### Work task
The lines from the top of the material through the line with "かなりコンパクトにまとまった4Kハンディカム「FDR-AXP35」を触った" are to be set down exactly. Leave the pictures out.

### Dataset records
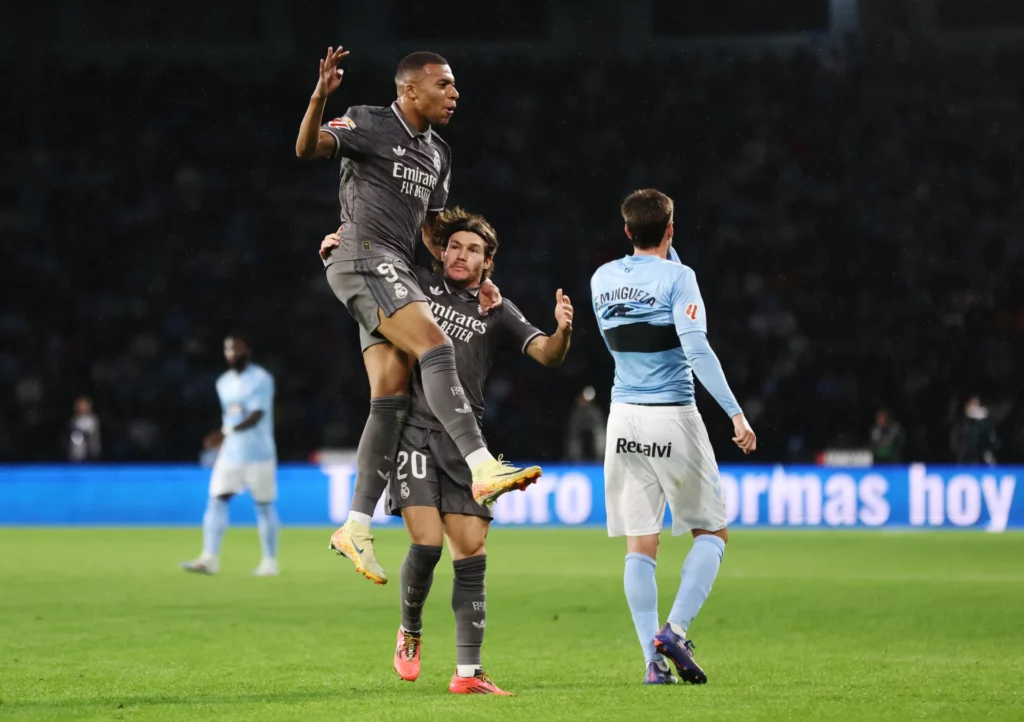 Mbappé celebra, junto a Fran García, un gol al Celta de Vigo en un partido de LaLiga.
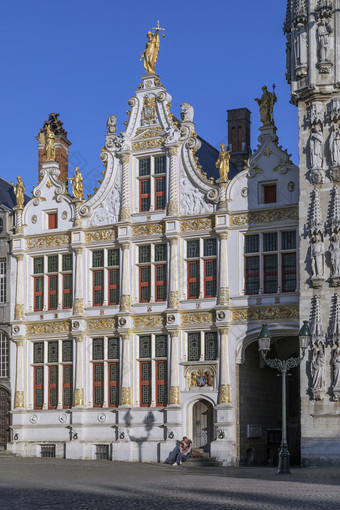 联排别墅的布鲁日使用城市大厅的城市使用比利时位于伯格广场的区域的前强化城堡的中心使用日期从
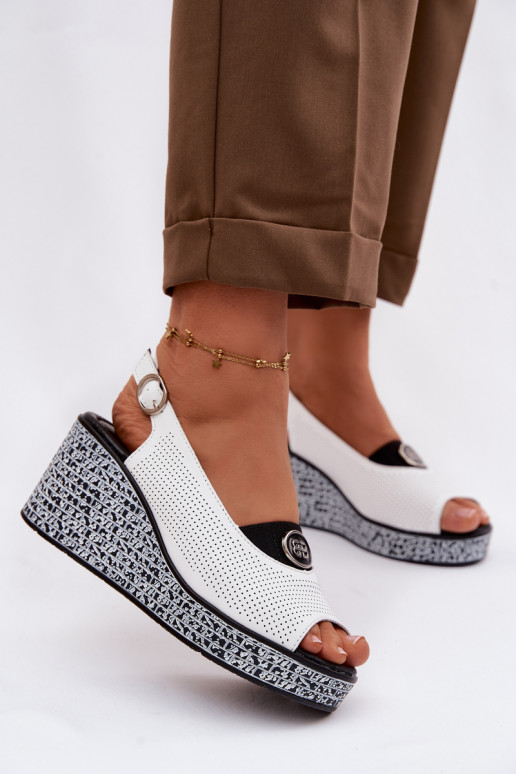 Kožené Sandále na platforme S.Barski LR61-7010 biela farba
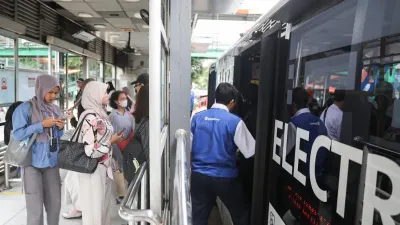 Halte Manggarai Ditutup Sementara Mulai Hari Ini! PT TransJakarta Siapkan Halte Temporer Cek Rutenya...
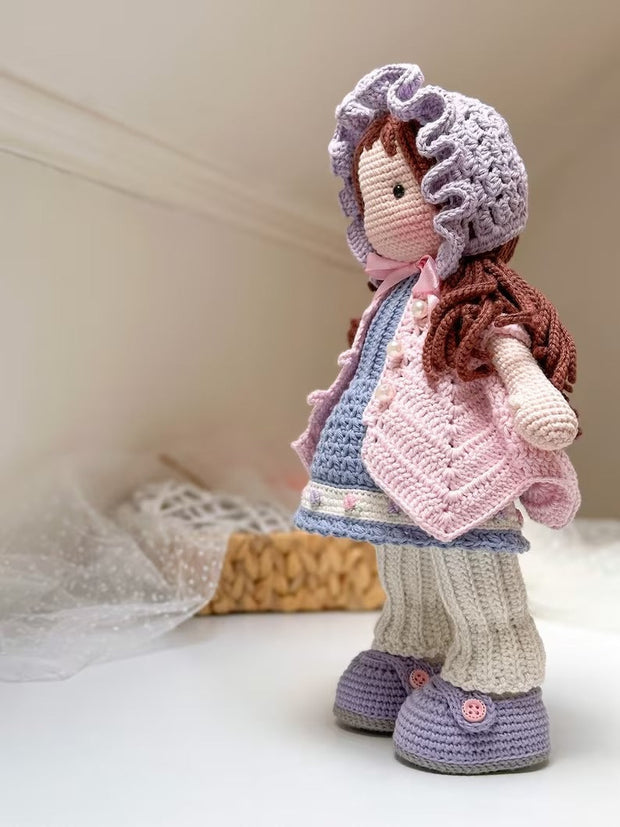 Emma, romantic doll amigurumi pattern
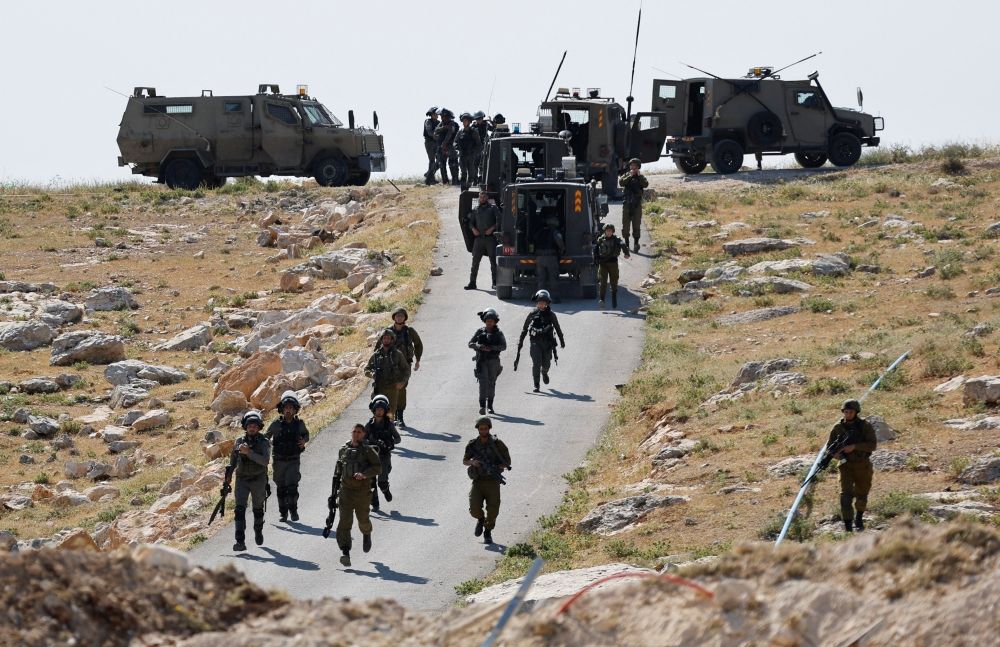 الاحتلال الإسرائيلي يعتقل 35 فلسطينياً في الضفة الغربية
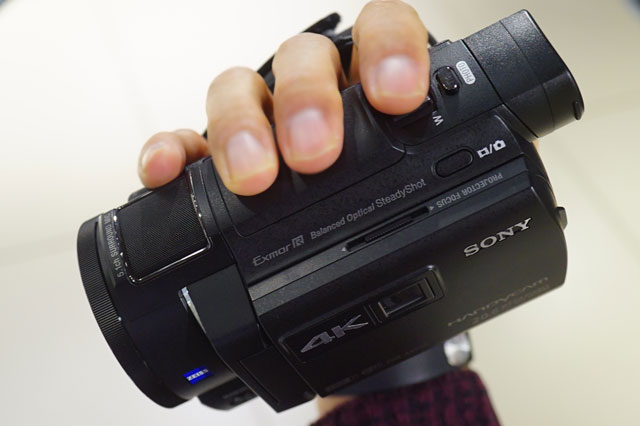 かなりコンパクトにまとまった4Kハンディカム「FDR-AXP35」を触った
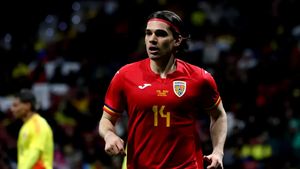 Fanii lui Rangers au reacționat plini de furie în cazul Ianis Hagi. Managerul Clement și conducerea, atacați într-un mod fără precedent: „Incompetenți”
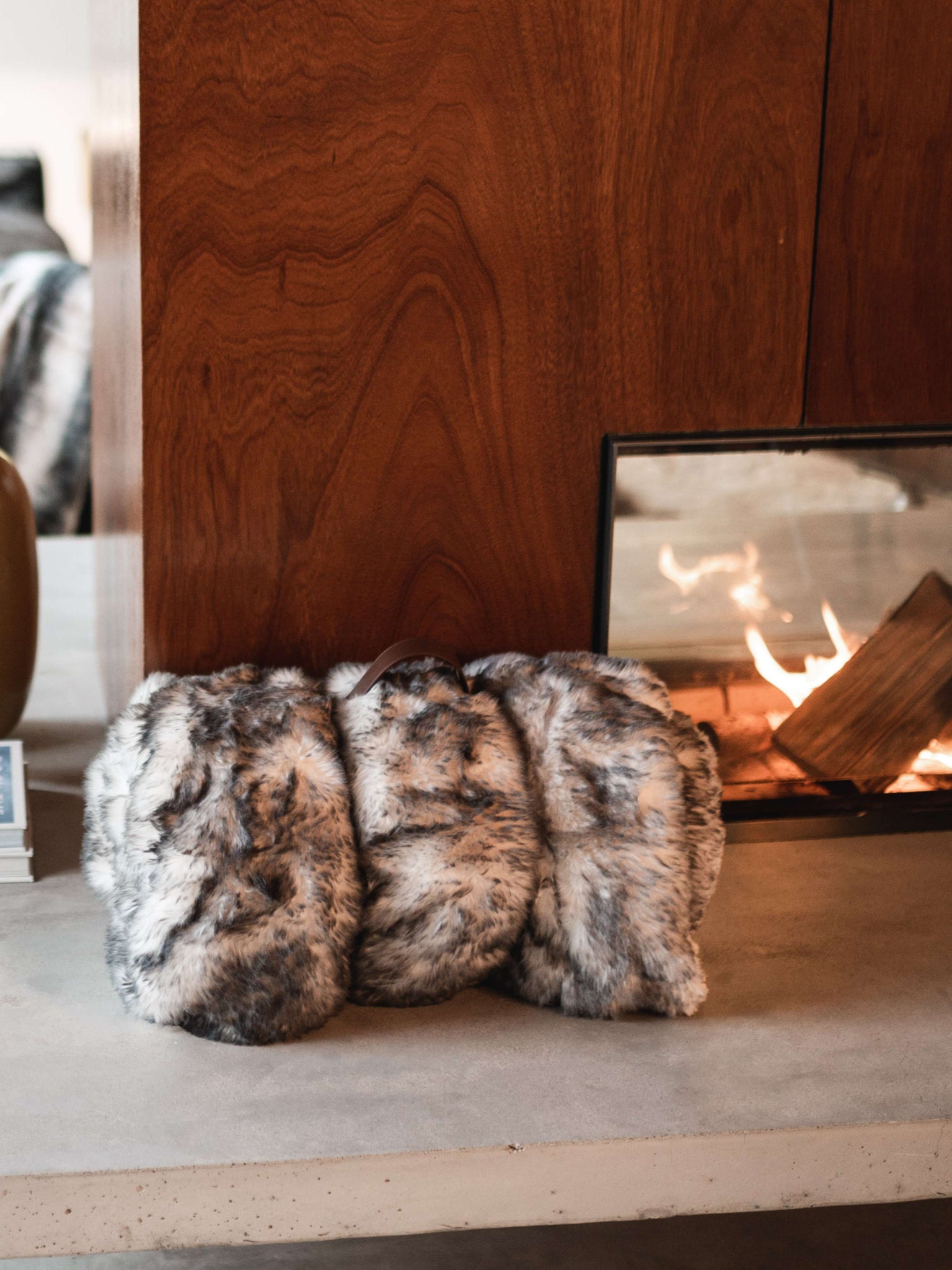 Sensation grey faux fur throw thumbnail 6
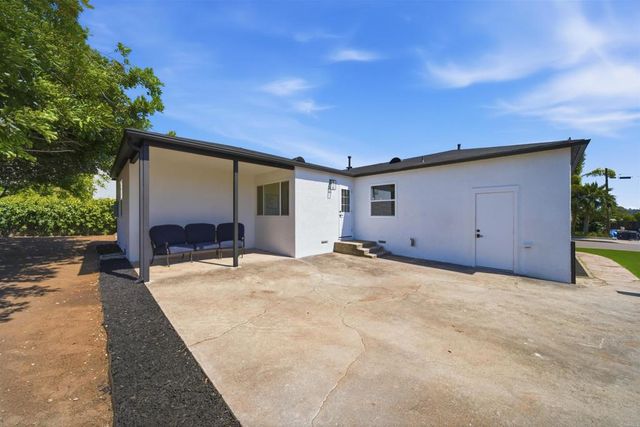 2238 Charles Way, El Cajon, CA 92020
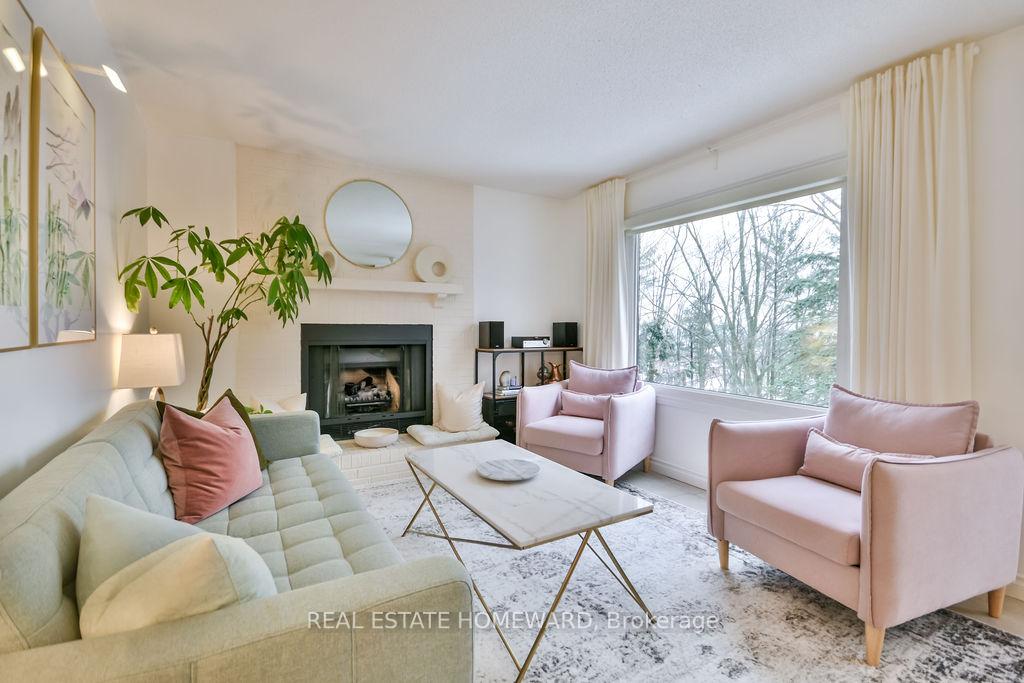 Photo 12 of 91 Browning Trail, Barrie, Letitia Heights — HOMEH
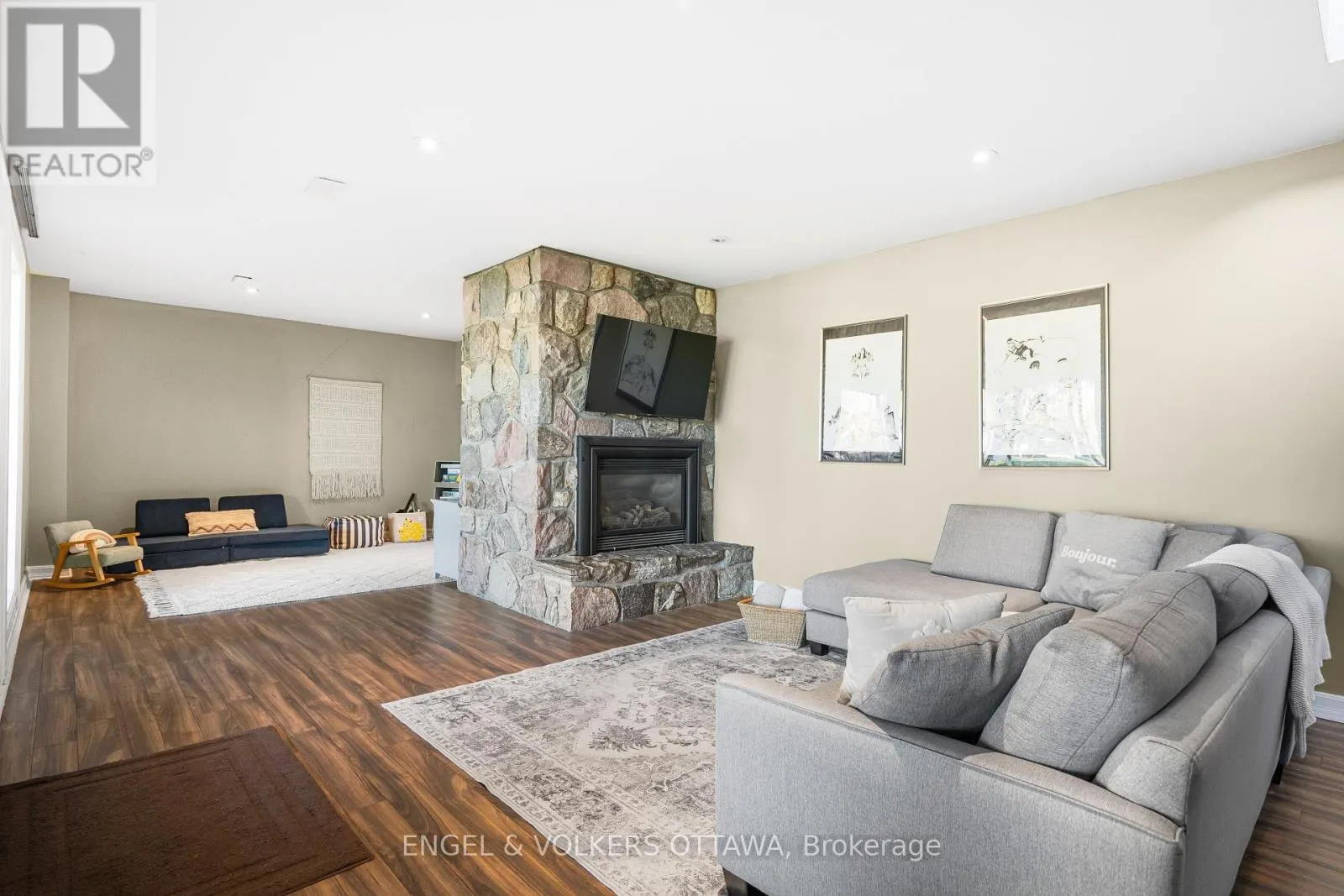 1073 ISLAND VIEW DRIVE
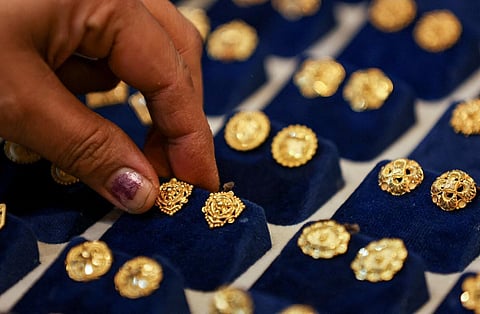சவரன் ரூ.60,000-ஐ தாண்டியது: தங்கம் விலை மென்மேலும் உயருமா?
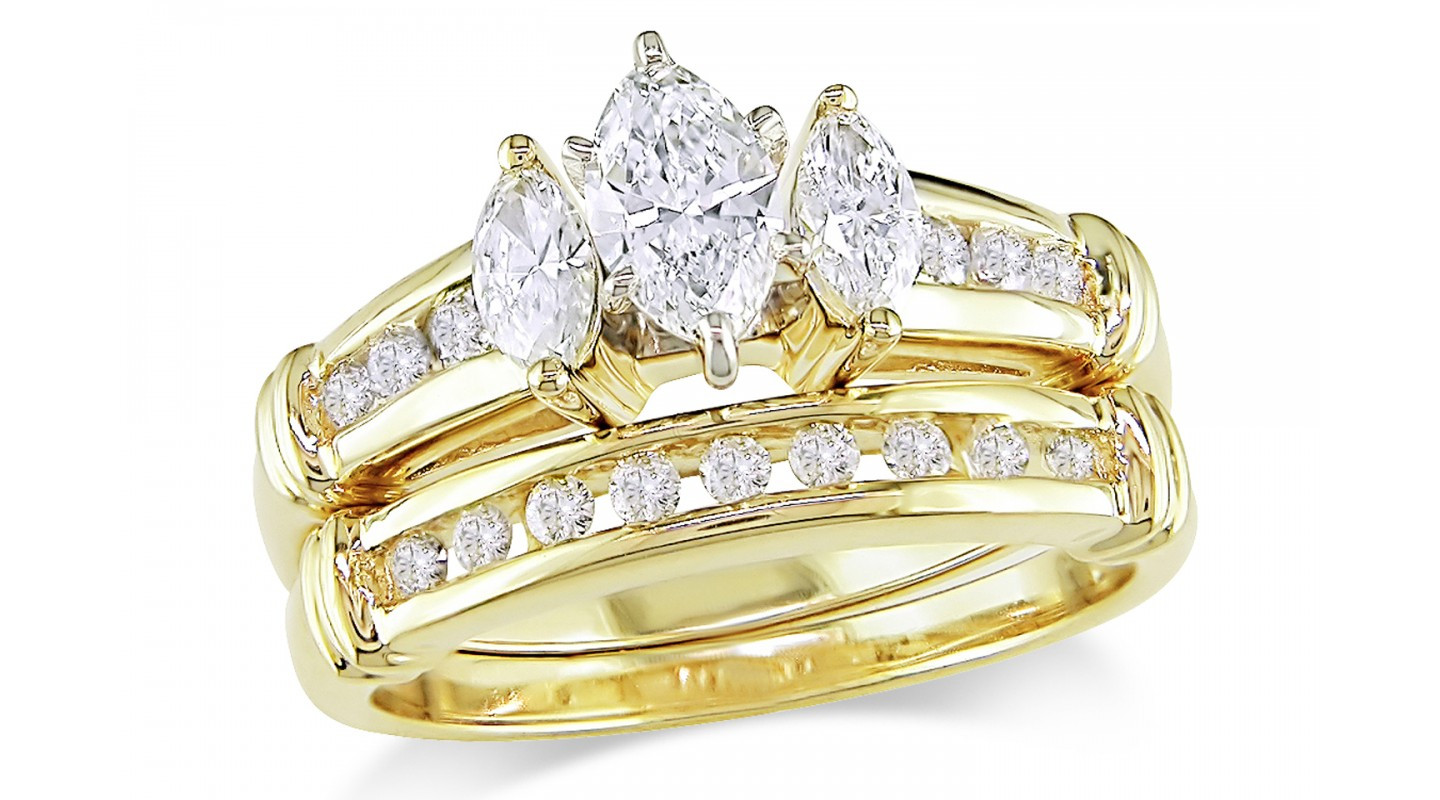 Gold Diamond Engagement Ring
 Why Gold Engagement Rings Still Rock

### Solution to the exercise
 Mbappé celebra, junto a Fran García, un gol al Celta de Vigo en un partido de LaLiga.
 联排别墅的布鲁日使用城市大厅的城市使用比利时位于伯格广场的区域的前强化城堡的中心使用日期从
 Kožené Sandále na platforme S.Barski LR61-7010 biela farba
 Halte Manggarai Ditutup Sementara Mulai Hari Ini! PT TransJakarta Siapkan Halte Temporer Cek Rutenya...
 Emma, romantic doll amigurumi pattern
 الاحتلال الإسرائيلي يعتقل 35 فلسطينياً في الضفة الغربية
 かなりコンパクトにまとまった4Kハンディカム「FDR-AXP35」を触った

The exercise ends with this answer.